LightSquared participated in these tests and for some reason was only able to provide a transmitter that operated at 10% of the power they are seeking to use so the problems are likely much worse than the testing indicated. Then they implied that the problem only affected ‘high precision’ GPS equipment, which was patently false, it affected the majority of garden-variety GPS receivers tested within MILES of the transmitter. Then, they made up another story that if they confined their bandwidth to the first 10Mhz of their allocation, everything would be OK, even though there was no data from the test to support that claim.

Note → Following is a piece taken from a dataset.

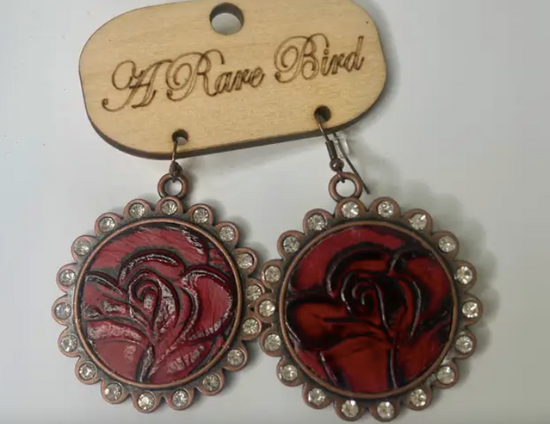 A Rare Bird Single Rose Earrings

I find the analogy about the FM receiver to be quite flawed. GPS receivers are able to work just fine as long as there are no interference sources that swamp out their signals. A better analogy would be that of a company seeking government permission to dump carcinogens into a water source people depended on for drinking water and then tell people affected by it that they just need to install filters on their water taps. Then tell them that the filters haven’t yet been designed, that their cost and effectiveness is unknown, and feel that satisfies all parties so let’s move on and let us proceed.